My next-door neighbor died a couple of weeks ago. She was a good and thoughtful neighbor, an attorney in her mid-40s, and, as far as I know, her death was totally unexpected. The first two people who informed me said she “passed” and, frankly, as a teacher, that word sounds too much like a grading assessment. Jennifer did “pass,” I guess; unfortunately, she also died.
Jennifer knew my interest in Mobile, New Orleans, and Mardi Gras. In fact, I created a travel guide for her very first trip to New Orleans and loaned her some books about the city to get her prepared and in the mood. New Orleans was a perfect match for her; she loved things bright and cheerful and frou frou and her cozy back yard had decorations and light displays for every season.
I used to throw a Joe Cain Day party on the Sunday before Fat Tuesday. The Joe Cain Day parade is a uniquely Mobile celebration open to all participants – the “people’s parade.” A few years ago, a few days before Joe Cain Day, I drove in from work to find a big fluffy festive Mardi Gras wreath hanging on my back gate. I knew immediately where it came from.
I moved the wreath to the front door, where it remained until midnight on Fat Tuesday.
The next year, a couple of weeks before Fat Tuesday, I hung the wreath back on the door. The next day it was gone. Left in its place was a note from Jennifer letting me know that she had some ideas for improvement and was taking the wreath for an update. It was back on the door a couple of days later – replete with even more beads and embedded masks.
This year, I hung the wreath on a Tuesday night two weeks before Mardi Gras. Jennifer died the next day. The wreath will now have a deeper meaning when I hang it in years to come.
I gauge impending spring by the trees that bloom in the front yards of the row of prim townhouses where I live. A decade ago, I planted ninety crocus bulbs in my front yard with the plan that they would be the first blossoms to herald the spring season. Next would be Jennifer’s front-yard crabapple tree, followed by the huge spreading white cherry blossoms in her back yard, that hang gracefully over my back fence. Finally, my pink cherry blossoms would burst forth in my front yard. By that time, the dogwoods and redbuds and glories of spring would be ready to go.
The crocuses scattered in my front yard seem to have petered out over the past couple of years so the big harbinger of spring in front of the house has been Jennifer’s crabapple tree. It’s a tall, gangly thing. Several people who have worked on my yard have offered to chop it down for free. Indeed, it had a lot of dead branches on it but Jennifer wouldn’t hear of losing it. One Saturday several years ago, her dad and I managed to trim a lot of the dead off and the tree has shaped up fairly nicely since.
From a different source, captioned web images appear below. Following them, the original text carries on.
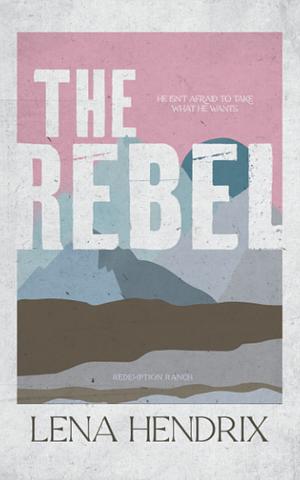 The Rebel by Lena Hendrix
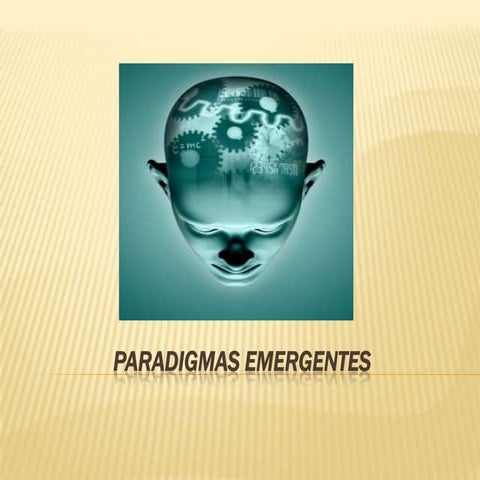 Paradigmas emergentes 2 borrador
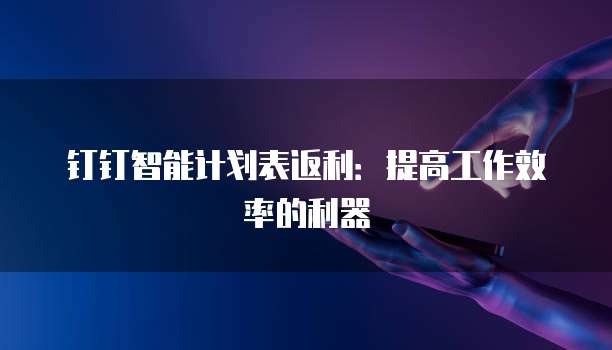 钉钉智能计划表返利:提高工作效率的利器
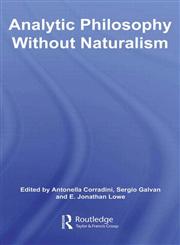 Analytic Philosophy Without Naturalism,0415591597,9780415591591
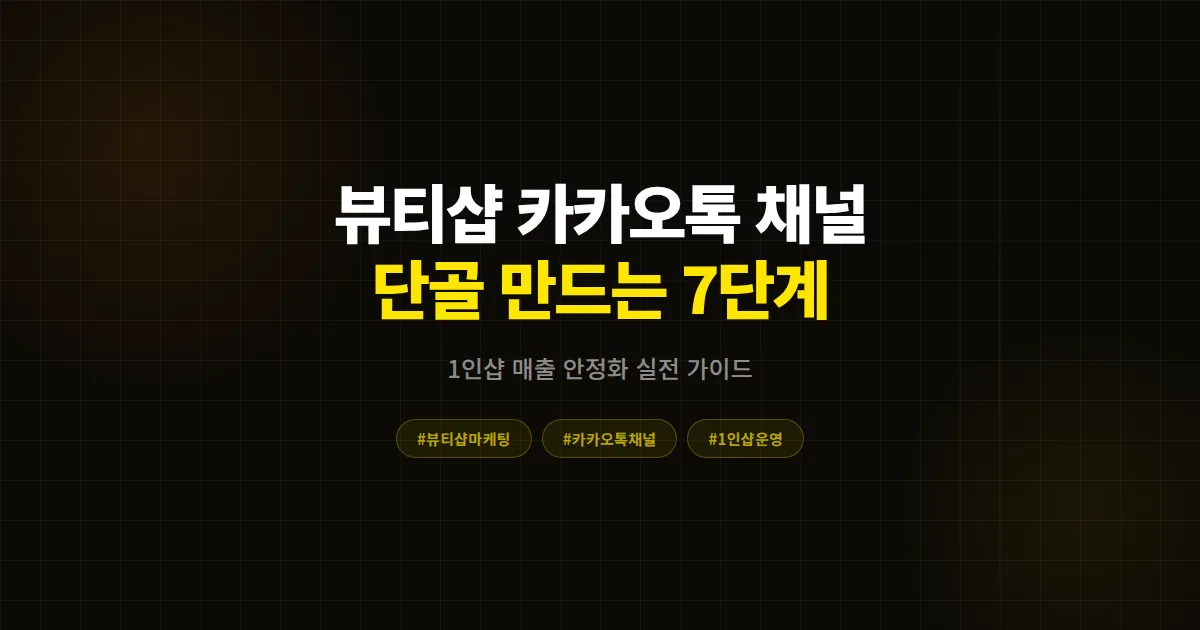뷰티샵 카카오톡 채널 운영 완벽 가이드, 1인샵이 단골 만들고 월 매출 안정화하는 7단계 실전 전략
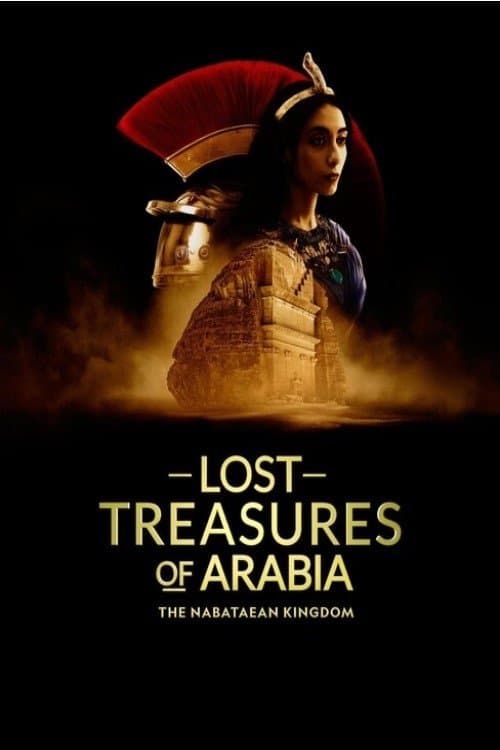 LOST TREASURES OF ARABIA: THE NABATAEAN KINGDOMのポスター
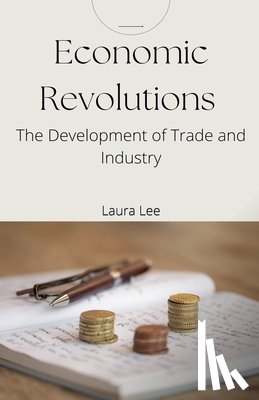 Lee, Laura - Economic Revolutions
It’s still not a beauty, except for those couple of weeks in the late winter when its deep purplish blossoms burst forth.
Last year, Jennifer, who did most of her coming and going through the back of her house, commented to me that she had completely missed the crabapple blooming because she had been so tied up with business, personal, and other things and had not even looked in the front yard.
I assured her that the show of blooms had been particularly beautiful and promised to alert her when the tree started to bloom this year.
Jennifer’s funeral last week took place on a dreary rainy Tuesday. The next day, as I opened my bedroom curtains just after sunrise, was bright and sunny. I glanced over at Jennifer’s crabapple and saw the first blossoms high in the top of the sun-dappled tree.